For those of you who are taking their photography passed the family snapshots this site is for you….and prepare to spend some hours going through all the posts. DIY stands for do-it-yourself and that’s what you’ll learn here. Case in point it this blog on how to shoot HD video from your own helicopter. Get Out!! No it’s true.
A ham radio buddy of mine (Mike whose Canadian amateur radio call sign is VA3MW flies a four-engine electrical powered one-meter square hula-hoop. You’ve got to see this thing to believe it. Mike says because it has four engines it’s relatively easy to fly. Best of all it can hover and it can be set to hover at a predetermine GPS point. Here’s a link to his site.
Back to the DIY site.
Having problems learning lighting? Here’s a wonderful link to a “Lighting Modiferiers Cheat Cheet (sic)”.
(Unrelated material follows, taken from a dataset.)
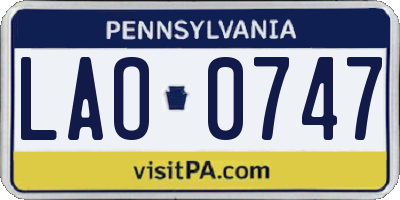 PA license plate LAO0747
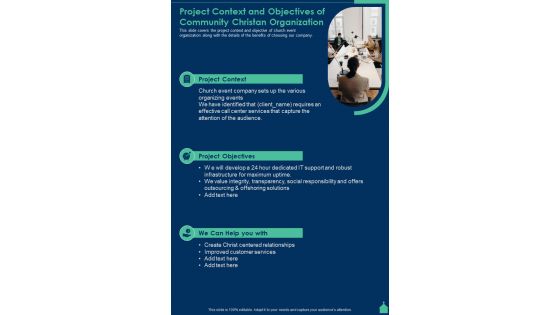 Project Context And Objectives Of Community Christan Organization One Pager Sample Example Document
I never thought I’d say this but DSLR video-equipped cameras like the Canon D5 Mark II or the Nikon D-300s are way too much money when you can do the same thing with an I-Phone!
What! No? Yup and here’s the proof. This video was shot with a new I-Phone G4. You tell me whether you could shoot better than this? And this was done with the I-Phone. Yikes. I give up.
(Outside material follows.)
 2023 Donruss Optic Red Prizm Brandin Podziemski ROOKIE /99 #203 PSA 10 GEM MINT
Now it didn’t hurt that the I-Phones were in an Owle Bubo Camera Mount which aids stability and creates a much better colour corrected image. But this is a $120 accessory. In the world of pro photography that’s so cheap as to be non-issue.
This gripping device does amazing things to images shot with an ordinary G3 I-Phone (see the videos here and here and here and the shots of the motorcycle racing were done with an G4 I-Phone in the Owle Budo mount. This device is more than just a grip that helps steady the camera. It has a 37mm wide-angle lens and forward facing microphone. There’s a standard shoe on top for accessories and tripod mounting holes in several places.
This is really seriously cool.
The shots from the glider (second video) as good as anything I’ve every seen and it’s funnier than heck. The photographer went flying with a US Aerobatics Champion and his reactions to flying upside down among other tricks is worth the five minutes.
If somebody from Owle Budo wanted to send me one for my G3 I-Phone I’d do a serious review 🙂 Failing that, I might have to buy my own. This thing is amazing.